When a packet is ready to be served, routing logic 212 examines the header of the Ethernet packet and, based on the destination address within the packet header, determines which link to route the packet to for transmission and routes the packet to the appropriate transmit buffer servicing that link. The destination link may be any of the output links 106a–106n or 108, or any combination of these links. The switching fabric 208 provides the physical interconnection between the receive buffer and each appropriate transmit buffer. Once the Ethernet packet has been transferred to an appropriate transmit buffer via the switching fabric 208, it may then be transmitted out of the Ethernet switch 102.
Because the conventional Ethernet switch 102 permits packets received on any link to be transmitted out over any other link(s), the switching fabric 208 and the routing logic 212 are necessarily complex. This complexity translates to an increased implementation cost for the switch. As will be appreciated, the cost of the Ethernet switch is significant since, apart from the end user devices, it is the device required in the greatest numbers for deploying the above-described access network. Accordingly, what is desired is a point-to-multipoint interface device for access networks that manages the transfer of data between a plurality of end user devices and a higher level node, yet is less expensive to implement than conventional Ethernet switches. For example, the desired point-to-multipoint interface should manage the transfer of data between a plurality of end user devices and a higher level node without requiring switching fabric and/or complex routing logic as used in conventional Ethernet switches.

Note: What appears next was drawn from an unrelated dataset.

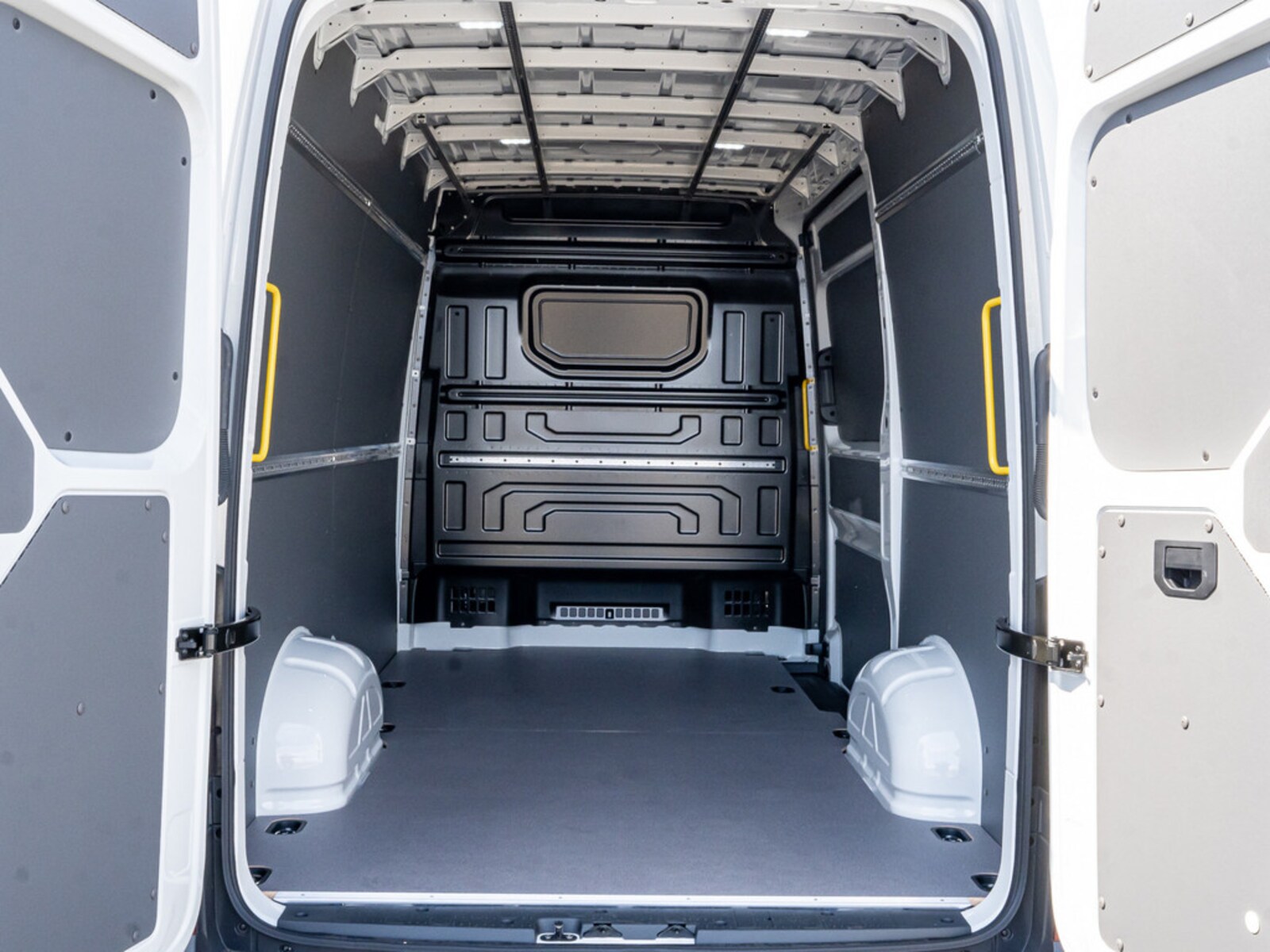 Volkswagen Crafter Kasten mittlerer Radstand – Bild 19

Additionally, conventional Ethernet switches such as conventional Ethernet switch 102 support only identical transmit and receive rates from each port. This means that the rate at which data is transmitted to each end user device must be identical to the rate at which data is received from each end user device. However, in many access networks, the downstream bandwidth requirements are substantially higher than the upstream bandwidth requirements. This is true, for example, where the access network is used to provide broadcast video services from the service provider to the end users. In theory, this asymmetrical aspect of access networks could be exploited if the Ethernet switch permitted the use of slower, and therefore cheaper, transmitters and receivers on the upstream link from the end user devices, and higher-speed transmitters and receivers on the downstream link. Unfortunately, conventional Ethernet switches do not provide this capability. Accordingly, the desired point-to-multipoint interface device should also provide for different rates of transmission and reception from the same port, such that different upstream and downstream transmission rates may be supported over the same link.